Feist met tellement d'années entre ses albums et ses tournées que, d'une fois à l'autre, elle a tout le temps voulu pour se réinventer. Hier soir, au Festival de jazz, dans sa coquette robe jaune estivale, la chanteuse canadienne s'est métamorphosée en une rockeuse et, par moments, en une guitare héroïne qui prenait la pose devant ses fans massés au pied de la scène.

Le tourbillon qui l'a emportée depuis dix ans et auquel elle a abondamment fait référence hier l'a amenée à se produire dans à peu près toutes les salles qui comptent à Montréal, depuis le regretté Spectrum jusqu'au Métropolis en passant par l'immense Centre Bell. Elle est même montée sur la grande scène extérieure du Festival de jazz en 2013. Cette fois, elle a chanté à Wilfrid-Pelletier, mais la grande dame de la Place des Arts était devenue le temps d'un soir une boîte de rock dans laquelle les musiciens s'escrimaient dans la pénombre.

Que du récent, ou presque

L'idée n'était pas vilaine pour créer l'ambiance de recueillement/défoulement propice à l'écoute de toutes les pièces de son plus récent album Pleasure, dans l'ordre. Ce faisant, Feist allait se faire plaisir, un plaisir que partagerait son public, a-t-elle prédit en citant la chanson titre du nouveau disque. Les succès du passé viendraient plus tard, et quelques-uns seulement.

Feist a gagné son pari parce qu'elle a mis toute son énergie dans sa proposition audacieuse et qu'avec ses trois complices essentiels, elle a créé un univers musical dans lequel s'imbriquaient ces 11 nouvelles chansons que ses fans montréalais ne connaissaient pas toutes par coeur. Il fallait la voir sautiller sur place, triturer les cordes de ses guitares et pousser dans les hauteurs cette voix singulière qu'elle a.

D'autres qu'elle auraient peut-être abordé cette mission spéciale avec le sérieux d'un chercheur scientifique. Pas Leslie Feist. Entre ses chansons pas toutes hop la vie, elle faisait des blagues, et lançait quelques phrases toutes croches en français. Mais l'instant d'après, elle nous servait une fort belle et toute douce I Wish I Didn't Miss You, enrichie par les harmonies vocales de ses amis de scène, un atout qu'elle allait exploiter toute la soirée durant.

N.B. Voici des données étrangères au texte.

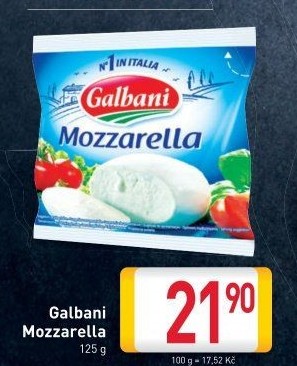 Sýr Mozzarella Galbani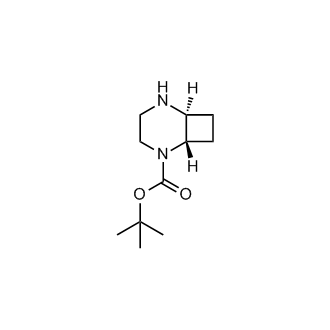tert-Butyl (1S,6S)-2,5-diazabicyclo[4.2.0]octane-2-carboxylate|CS-0622892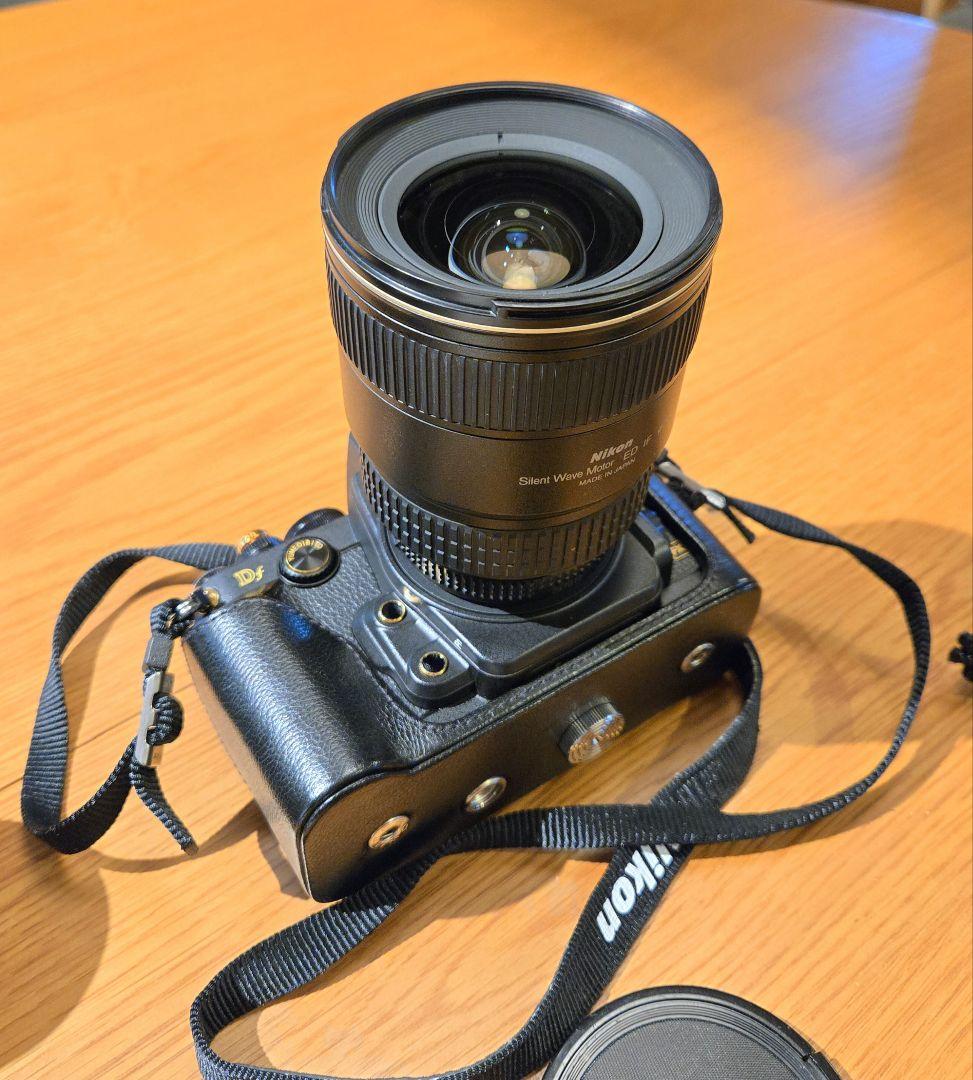 Nikon Df ゴールドエディション レンズ2本付き 【ショット数9351枚】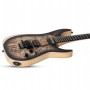 Schecter Reaper-6 FR-S Satin Charcoal Burst Elektro Gitar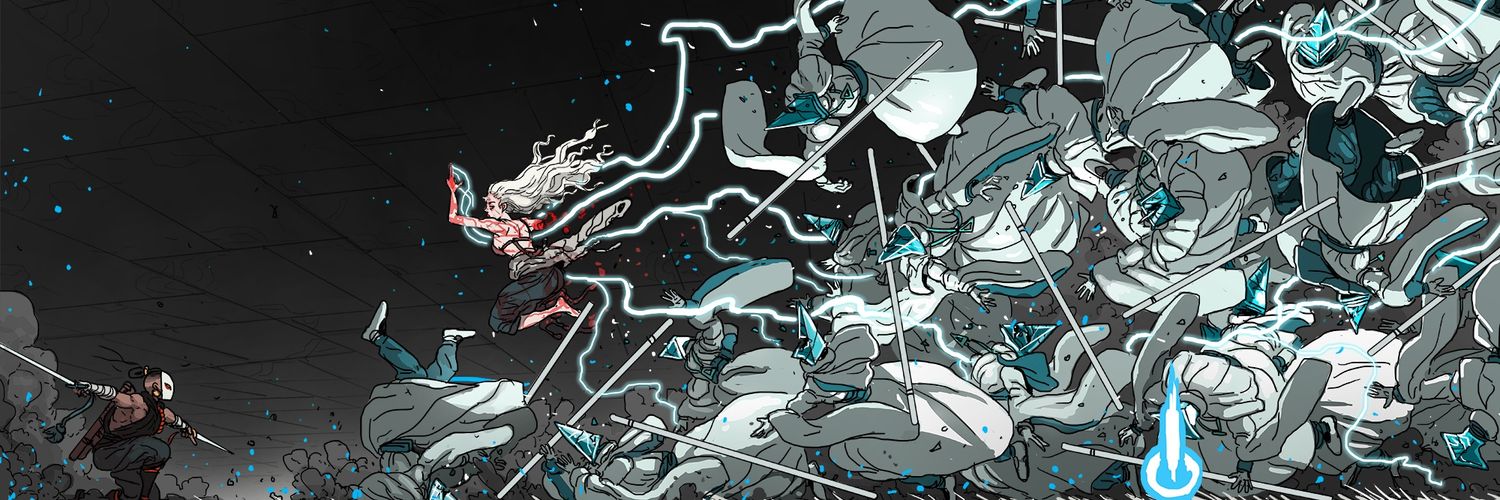 RedGinger666 (retweet samurai arc) banner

Pendant Any Party et A Man Is Not His Song, elle a recruté sans trop de difficulté la chorale des spectateurs.

Le grand moment de ce premier segment du concert s'est produit vers la fin quand Feist et ses copains se sont donnés dans la chanson Century avec une intensité rock qui était belle à voir et à entendre. Par la suite, elle nous a servi quelques-uns des succès attendus (My Moon My Man, Sea Lion Woman, I Feel It All) en y mêlant des choses tout à fait dans le ton de la soirée comme The Bad in Each Other et How Come You Never Go There.

Finale légère

Au rappel, elle est revenue seule avec sa guitare acoustique nous faire le cadeau de Mushaboom puis de 1234, cette chansonnette à jamais associée à une pub d'iPod qui lui a servi de tremplin vers la gloire mais qu'elle a longtemps boudée avant une réconciliation prudente, qu'elle nous a joliment racontée.

1234, a-t-elle ajouté, illustre bien le chemin parcouru depuis dix ans. Hier, c'était avec Mushaboom une escapade légère bienvenue après une soirée aussi exigeante qu'enrichissante.